Problem to solve » Output the data unchanged and complete, minus the images.

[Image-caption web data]
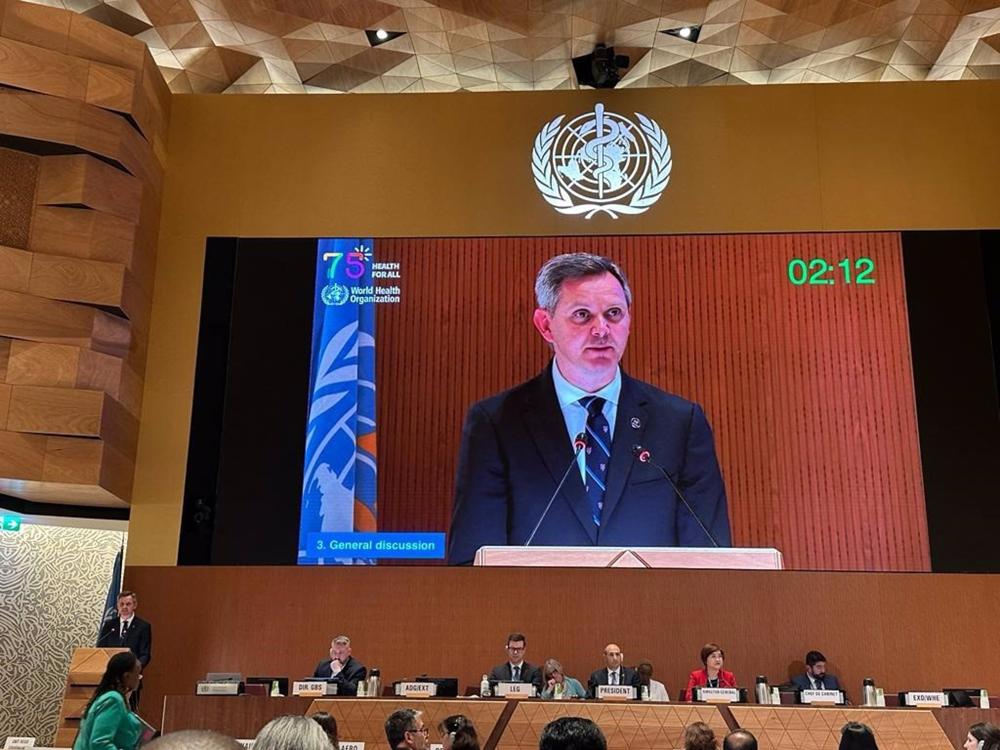 El ministro de Sanidad, José Miñones, interviene en el Debate General de la 76ª Asamblea Mundial de la Salud (AMS) que se ha celebrado este lunes en la sede de la Organización Mundial de la Salud (OMS). En Ginebra (Suiza), a 22 de mayo de 2023. El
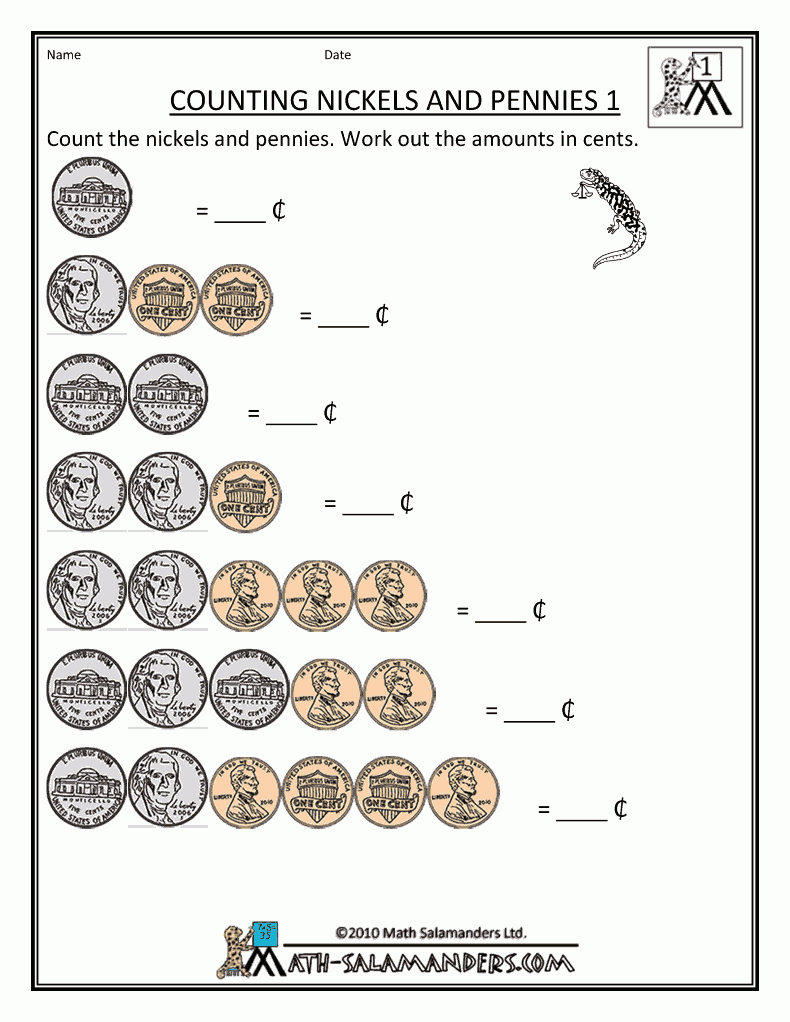 Free Money Counting Printable Worksheets - Kindergarten, 1St Grade - Free Printable Money Worksheets For Kindergarten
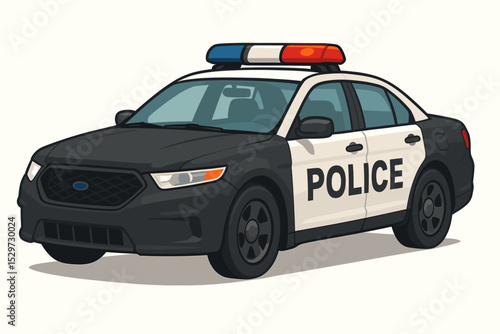 Police car patrol vehicle illustration. Concept of law enforcement, public safety, and justice. Emergency service automobile, cop sedan isolated on white. Vector graphic design element.
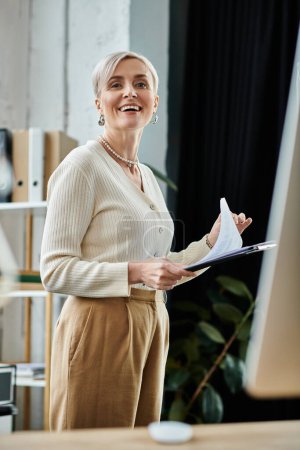 A focused middle aged businesswoman stands in a modern office, working on a computer with determination.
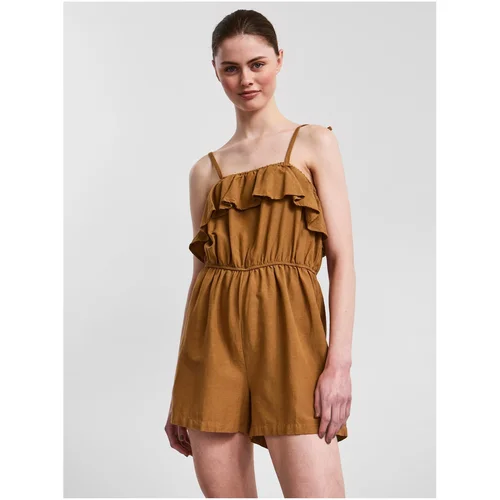 Pieces Brown Short Hanger Overall Sunna - Women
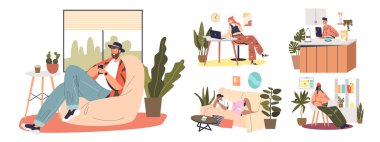 Cihaz kullanan insanlar: rahatlamak veya çalışmak için akıllı telefonlar, dijital tabletler ve dizüstü bilgisayarlar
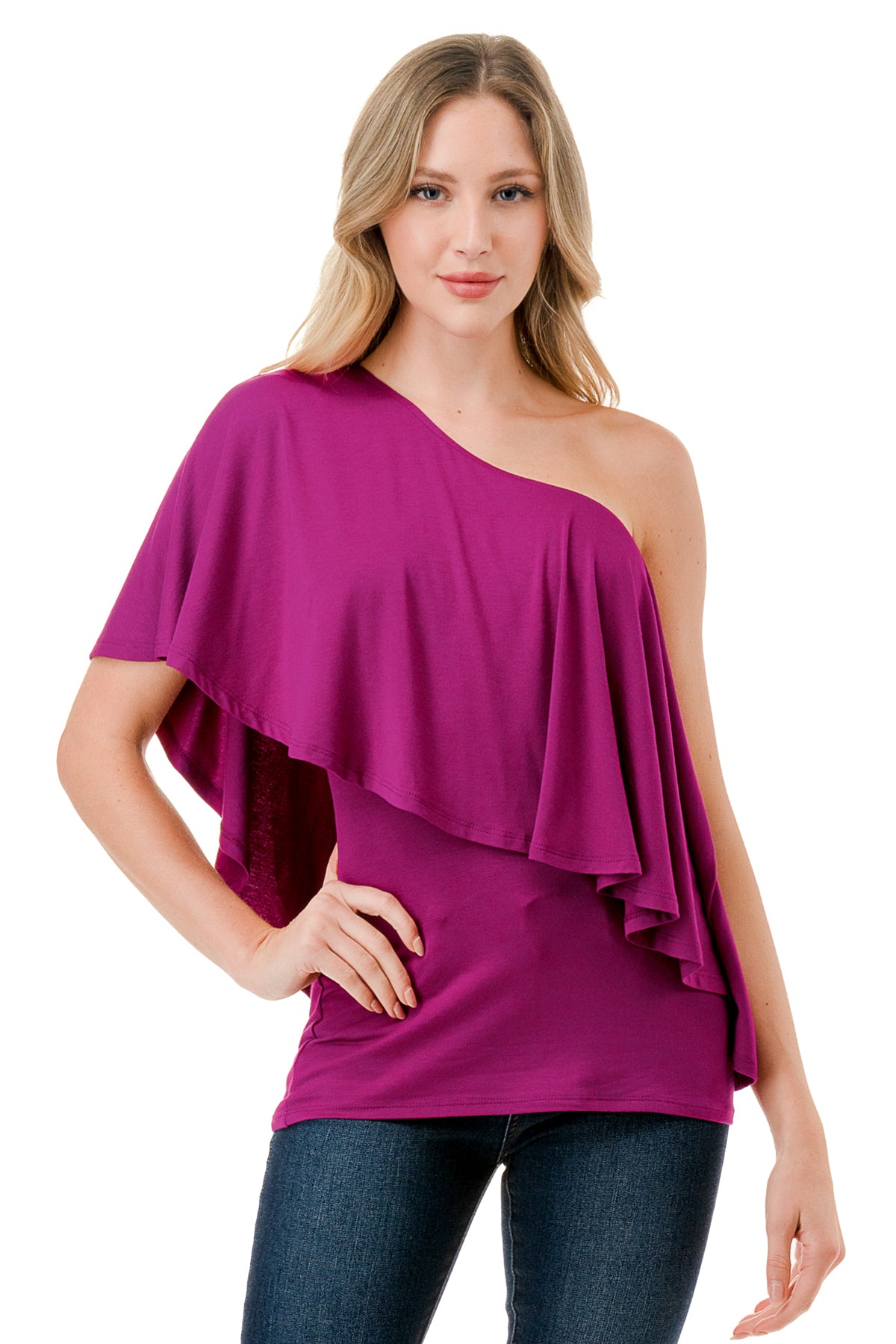 LAURA ONE SHOULDER TOP (MAGENTA)- VT7664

Exercise answer »
 El ministro de Sanidad, José Miñones, interviene en el Debate General de la 76ª Asamblea Mundial de la Salud (AMS) que se ha celebrado este lunes en la sede de la Organización Mundial de la Salud (OMS). En Ginebra (Suiza), a 22 de mayo de 2023. El
 Free Money Counting Printable Worksheets - Kindergarten, 1St Grade - Free Printable Money Worksheets For Kindergarten
 Police car patrol vehicle illustration. Concept of law enforcement, public safety, and justice. Emergency service automobile, cop sedan isolated on white. Vector graphic design element.
 A focused middle aged businesswoman stands in a modern office, working on a computer with determination.
 Pieces Brown Short Hanger Overall Sunna - Women
 Cihaz kullanan insanlar: rahatlamak veya çalışmak için akıllı telefonlar, dijital tabletler ve dizüstü bilgisayarlar
 LAURA ONE SHOULDER TOP (MAGENTA)- VT7664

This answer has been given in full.